L8 - Microarrays Flashcards
What are microarrays?
A substrate of some kind (eg. glass slide or quartz wafer) on which there are chemically bonded DNA probes
Works by hybridisation - Watson-Crick base pairing between probe & sample
• DNA/RNA in sample we want to bind is the TARGET
The target DNA/RNA is labelled with a fluorescent marker
Intensity of flouresence of feature relates to amount of target DNA in the sample – this allows us to observe changes for specific genes
Microarray applications
Initial use was for gene expression, extract mRNA, convert to cDNA
Arrays run under different conditions, (drug vs control) allowed for differential gene expression as reported fold-changes
Allows us to see what genes are “switched-on” by the cell in response to different conditions, these can then be investigated or characterised
Why do we care about gene expression?
The genes in a genome are not all actively transcribed at once
Detecting which mRNA molecules are around at any given moment in time shows which genes are being actively transcribed
Lowest level at which genotype gives rise to phenotype
Compare gene expression in normal Vs cancer cells / tissue
Can compare expression between different environmental conditions or stress to see how an organism responds
Old methodology of microarrays
Northern blotting
What is Northern blotting?
Northern Blot refers to capillary transfer of RNA from the electrophoresis gel to the blotting membranes
Principle: Northern blotting is a commonly used method to study gene expression by detection of RNA (or isolated mRNA) in samples
Cons of northern blotting
Time consuming and laborious
Uses nasty chemicals and radioactive labelling
• Radioactive phosphate probes
• Formaldehyde
Can only work on a handful of genes
Provides mainly qualitative data
You need to decide in advance which genes you want to investigate
Why are microarrays an improvement on northern blotting?
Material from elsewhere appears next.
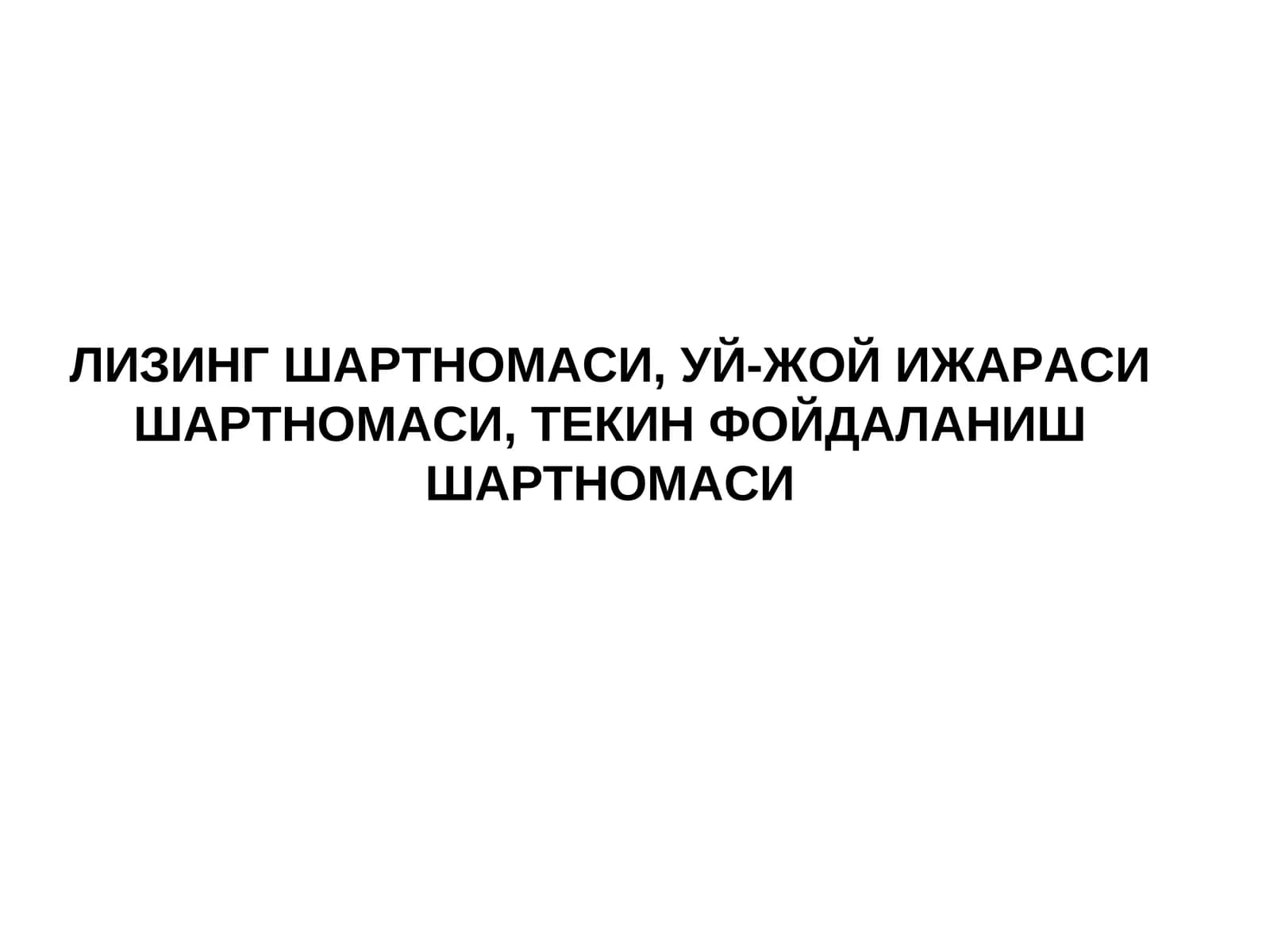 ЛИЗИНГ ШАРТНОМАСИ, УЙ-ЖОЙ ИЖАРАСИ ШАРТНОМАСИ,ТЕКИН ФОЙДАЛАНИШ ШАРТНОМАСИ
Less Laborious, just dump the sample over a chip, automated
Not radioactive
Can work on 10,000s of genes, can use genomes to design probe set
Has a much higher dynamic range enables relative abundances to be determined
What is the difference between a northern blot and a western blot?
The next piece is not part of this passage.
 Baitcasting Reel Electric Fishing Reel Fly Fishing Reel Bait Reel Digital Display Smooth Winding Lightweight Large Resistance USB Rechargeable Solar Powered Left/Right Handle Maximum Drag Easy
The northern blot is used chiefly to study gene expression by detection of RNA or RNA species (like mRNA)
The western blot is used to detect specific proteins in a sample by “immunoblotting”
How do you measure microarrays?
Using an affymetrix
The little “windows” are the hybridisation chamber where the experimental samples are introduced
Microarray method
1) Extract RNA from target
2) mRNA converted to cDNA via reverse transcriptase - labelled with fluorescent cyanine dye
3) Hybridisation to array (45-65 degrees)
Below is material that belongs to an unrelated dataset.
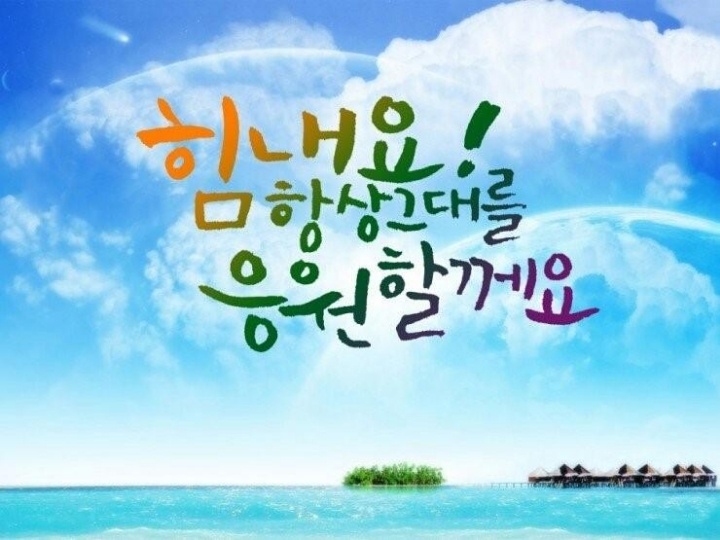 바다 이미지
4) Array has ssDNA probes bound in spots called features
5) Washing to remove non-specific binders
6) Laser scans of the array
7) Data processing
How many base pairs make up a strand on the array?
25 bp
How does hybridisation work?
Hybridisation between two DNA strands, the property of complementary nucleic acid sequences to specifically pair with each other by forming hydrogen bonds between complementary nucleotide base pairs
Shining with a laser caused flagged DNA fragments that hybridise to glow
Why is it not easy to compare between 2 different microarrays directly using raw intensity?
Due to variation in multiple things:
- Differences in sample extraction yield
- Differences in hybridisation conditions, including background signal
- Differences from one array to the next and artefacts on the array
Absolute abundance is difficult to quantify
How do you reduce the variation seen using microarrays?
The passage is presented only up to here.